What I underestimated was Severance's ability to appeal to completely different audiences at the same time. There's the puzzle box mystery crowd, of course, the people on forums feverishly speculating about goat symbolism and what exactly goes on in the elevator, but –unlike, say, Westworld – it's light enough on the lore for anyone not willing to go fully down the rabbit hole to engage with. And the fact that the show is so thick with ideas means that different cohorts engage with different aspects of it: the politically minded, enjoying its satirical skewering of corporate America; the psychoanalysts, drawing parallels with Jungian theory; the religious allegory types, considering what it says about Mormonism or Jesus, or cultish behaviour; the people intrigued by what it has to say about our relationship with the office in the 21st century; or those simply fascinated by its retrofuturistic design (and wondering where they can buy that lampshade).
Managing to serve so many different constituencies is quite an achievement, one that I think has been reached, rather counterintuitively, by a lack of pandering. This is about as far from a show created by committee as you can get: funky and weird and slightly obscure. It makes creative decisions that would cause an AI-scriptwriting bot to malfunction – waffle parties, say, or entire episodes set in a frosty wilderness, about as far away from the comforting green baize of the Lumon office as possible. That capacity to go off-piste, married with a willingness to actually provide answers and push the plot forward, is reassuring: it suggests that Severance's creative team know what they're doing.

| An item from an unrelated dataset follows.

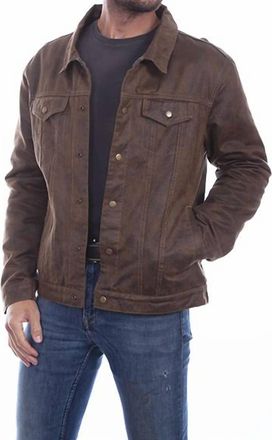 Scully Mens Faux Jean Jacket In Brown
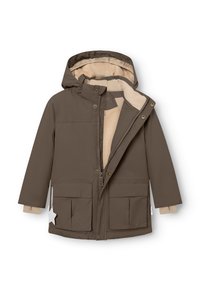 Braune wasserdichte Jacke mit beigem Fleece-Futter, großen Fronttaschen und Kapuze. Mit Druckknöpfen und einem sternförmigen Anhängerdetail.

Still, it's a high-wire act of a show to pull off, and season two hasn't been perfect. There have been points where, in expanding its wider world and deepening its mystery, Severance has neglected its core quartet a little, with too few scenes of the innies bickering and bonding in the office, one of the great low-key charms of season one. This time around, occasionally the characters can feel less like fully breathing people than plot facilitators: we've had too little of Helly R (still performed with a superb mix of naivety, anguish and gen X ironic detachment by Britt Lower), with the show more interested in the machinations of her outie, Helena Eagan.

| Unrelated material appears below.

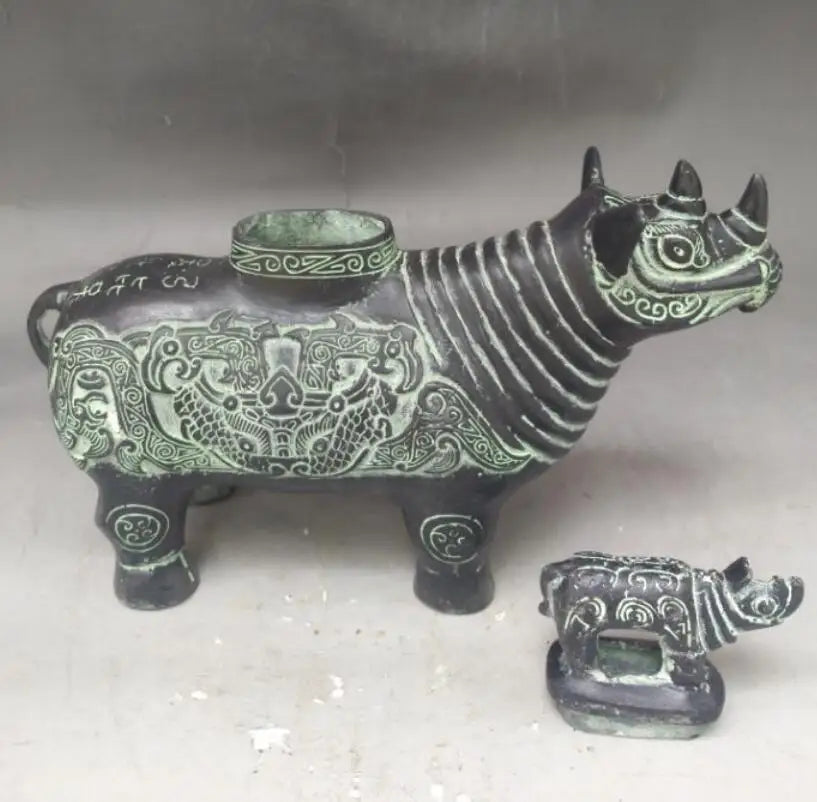 China bronze rhinoceros crafts statue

I'd chalk this up to second season growing pains though, and for the most part Severance is still as peculiar, thought-provoking and compelling as ever. And, as with season one, next week's finale is a marmalade-dropper: tense and stuffed with big revelations, and containing (for my money) the single best scene in the show's history. It's a scene that, for all the talk about the huge amount spent on each episode, is brilliantly economical: just two characters (I won't tell you who!) discussing the strange circumstances they find themselves in and what it means for their sense of self. As with all Severance's best moments, it's stuffed full of ideas – a huge reason that people keep coming back to this peculiarly popular show.